*Exercise aim*.
Exclude the pictures. Transcribe exactly, and only, the lines from the one holding "Al Barsha Apartment" to the end of the material below.

*Data*.
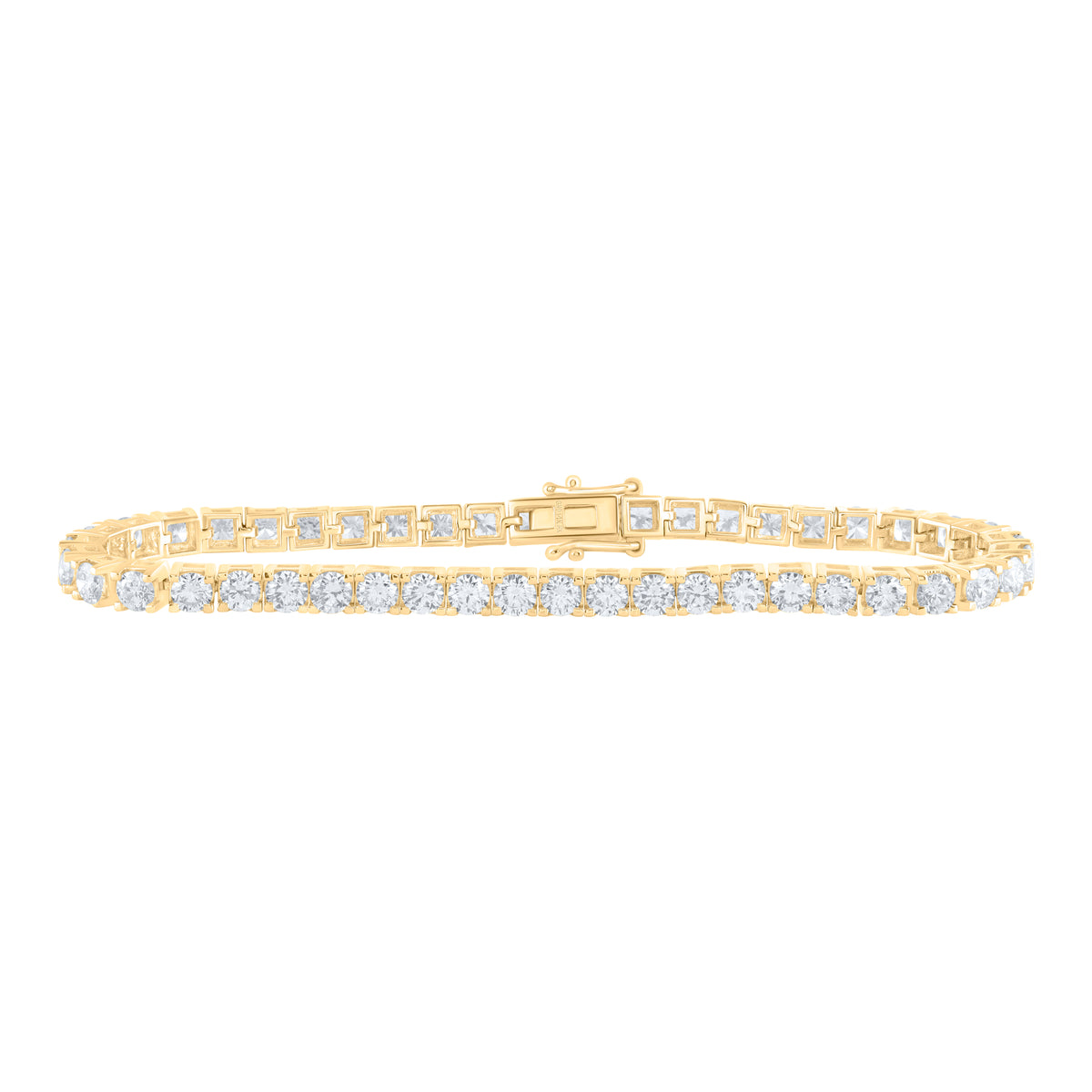 14K Yellow Gold 8 CTW-Natural Diamond Tennis Bracelet(7 Inch ) 13.26 Gram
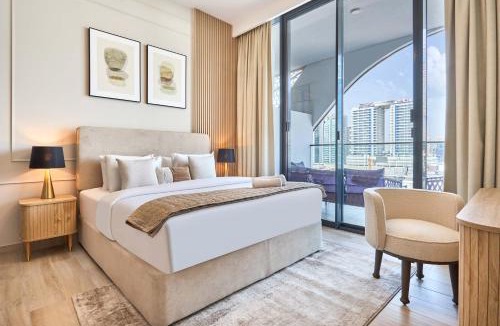 Al Barsha Apartment | Stylish 1BR near Miracle Garden - Oxford Gardens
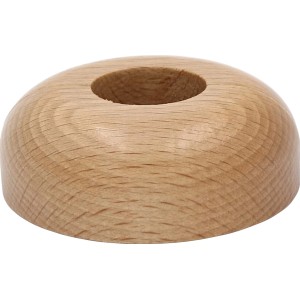 Echtholz Buche Rohrrosette, Ø 18mm, für Laminat & Parkett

*Answer box*.
 Al Barsha Apartment | Stylish 1BR near Miracle Garden - Oxford Gardens
 Echtholz Buche Rohrrosette, Ø 18mm, für Laminat & Parkett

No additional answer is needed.